Tuning BM25F parameters
Watheq9 opened this issue · comments
Hi @cmacdonald,
I was trying to tune BM25F parameters. Per the documentation, BM25F is implemented, as described by [Zaragoza TREC-2004]. In Zaragoza's paper, there are 'b' and 'w' parameters per field, and one 'k' global parameter. My questions are as follows:
- I figured out that 'b' parameter is actually named 'c' in terrier, and 'w' corresponds to 'w.i' where i is the field number (starting from 0). So, is this mapping correct?
b = 1
bm25f = pt.BatchRetrieve(index, wmodel='BM25F',
controls={'w.0': 1.0, 'w.1': 0.5,
'c.0': b, 'c.1': b},
verbose=True)
- For 'k1' parameter, I could not find the corresponding name. So, could you please let me know what it is?
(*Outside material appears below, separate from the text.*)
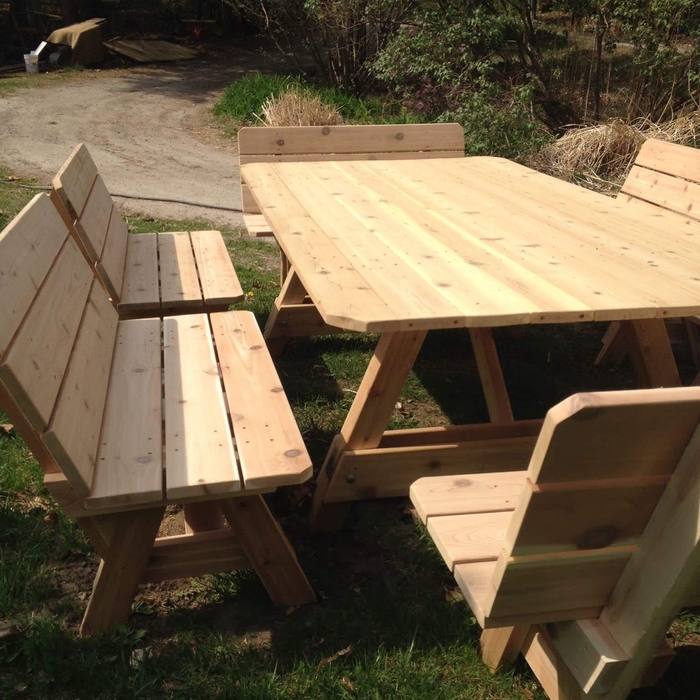 Cedar table and benches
Just copying my supervisor Dr. @JMMackenzie
(1) yes, this looks right
(2) I dont think we have every tuned k1 in BM25F. 6 parameters was always enough!
Thanks @cmacdonald, for your reply!
What are the 6 parameters?
What are the 6 parameters?
normalisation i.e. b (c.f. c) values for each field and the weight.
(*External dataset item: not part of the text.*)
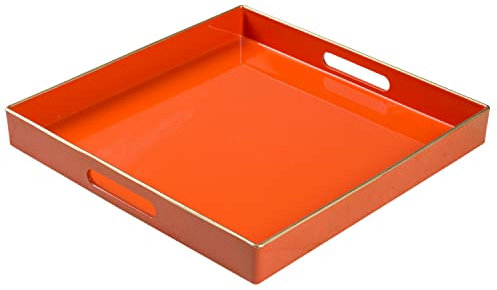 MAONAME Decorative Tray, Orange Square Plastic Tray, 13x13x1.57, Modern Style, Handles, Perfect for Coffee Table, Ottoman, Kitchen, Bathroom, Gift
Hey Craig, thanks for the help!
Just double checking - does this mean your (Terrier) BM25F doesn't include k? Or it's just not exposed?
not exposed in BM25F, while it is in BM25.
See
https://github.com/terrier-org/terrier-core/blob/5.x/modules/core/src/main/java/org/terrier/matching/models/BM25.java#L45
vs
https://github.com/terrier-org/terrier-core/blob/5.x/modules/core/src/main/java/org/terrier/matching/models/basicmodel/BM.java#L48
Pardon @cmacdonald, but what are the normalization parameters which are exposed in pyterrier, other than 'c'?
I tried to set 'b' and 'b.0' to multiple values, but none of them changed anything in the performance.
If I am not mistaken, the exposed parameters are just 'c' and the weight for each field. Please correct me if I am wrong.
If I am not mistaken, the exposed parameters are just 'c' and the weight for each field. Please correct me if I am wrong.
I'm not sure I follow the question. For BM25F, this is correct, right...?
bm25f = pt.BatchRetrieve(index, wmodel='BM25F',
controls={'w.0': 1.0, 'w.1': 0.5,
'c.0': b, 'c.1': b},
verbose=True)
Any update guys, or can I close the issue?
I think we've got it figured out now, thanks for the help! We'll get back to you if we need to re-open.